| Your goal |
What is needed is an exact copy of every entry below, with the pictures left out.

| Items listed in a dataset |
*** Begin section ***

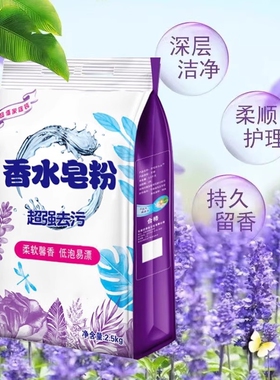 洗衣粉皂粉装去污留香低泡易漂家庭装5斤/10斤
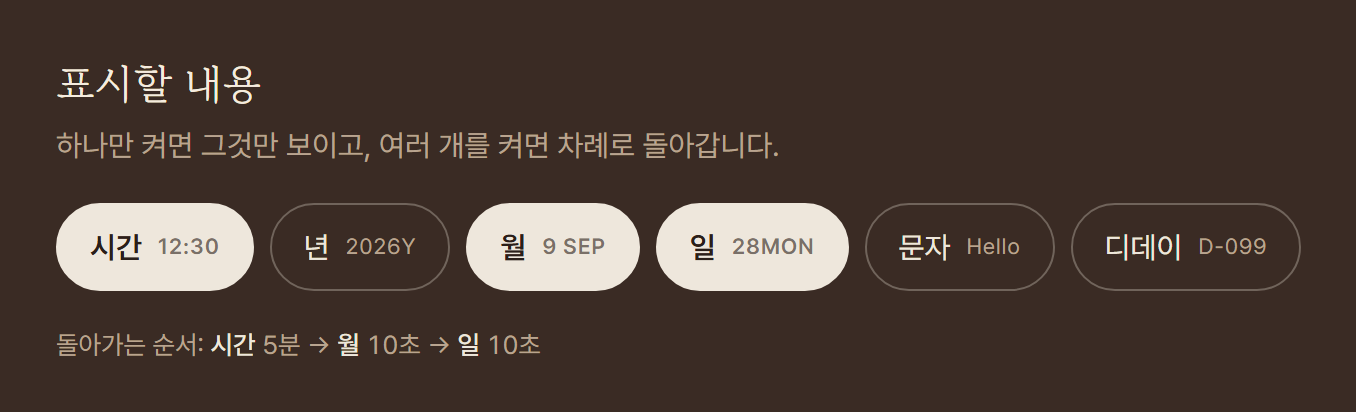 표시할 내용: 시간, 년, 월, 일, 문자, 디데이 버튼과 돌아가는 순서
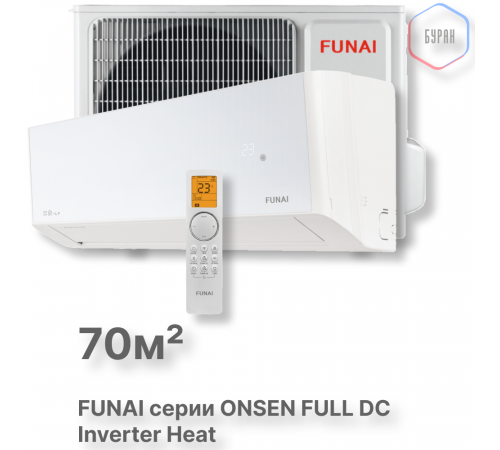 Инверторная сплит-система с функцией теплового насоса ONSEN FULL DC Inverter Heat Pump RAC-I-ON70HP.D01 Инверторная сплит-система с функцией теплового насоса ONSEN FULL DC Inverter Heat Pump RAC-I-ON70HP.D01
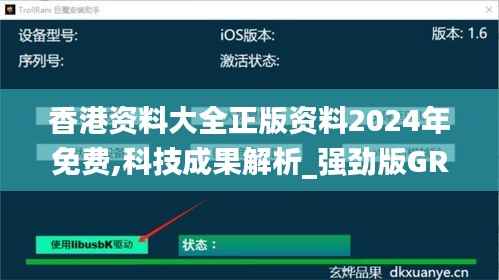 香港资料大全正版资料2024年免费,科技成果解析_强劲版GRE9.304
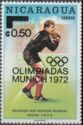 Lev Yashin, USSR - Surcharge and Overprint
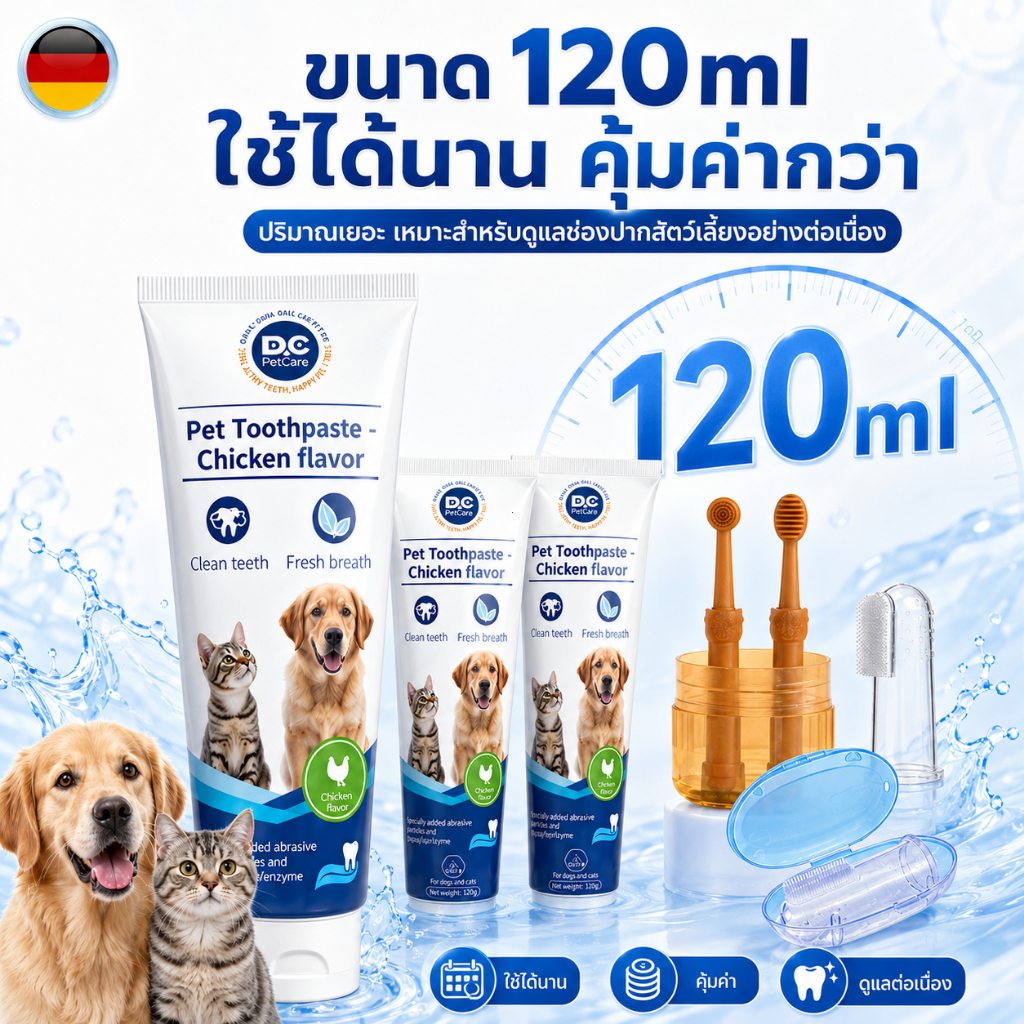 ยาสีฟันสุนัขและแมว กลิ่นรสไก่ ช่วยลดกลิ่นปาก ฟันสะอาด ใช้งานง่าย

*** End section ***

| Reply to the task |
 洗衣粉皂粉装去污留香低泡易漂家庭装5斤/10斤
 표시할 내용: 시간, 년, 월, 일, 문자, 디데이 버튼과 돌아가는 순서
 Инверторная сплит-система с функцией теплового насоса ONSEN FULL DC Inverter Heat Pump RAC-I-ON70HP.D01 Инверторная сплит-система с функцией теплового насоса ONSEN FULL DC Inverter Heat Pump RAC-I-ON70HP.D01
 香港资料大全正版资料2024年免费,科技成果解析_强劲版GRE9.304
 Lev Yashin, USSR - Surcharge and Overprint
 ยาสีฟันสุนัขและแมว กลิ่นรสไก่ ช่วยลดกลิ่นปาก ฟันสะอาด ใช้งานง่าย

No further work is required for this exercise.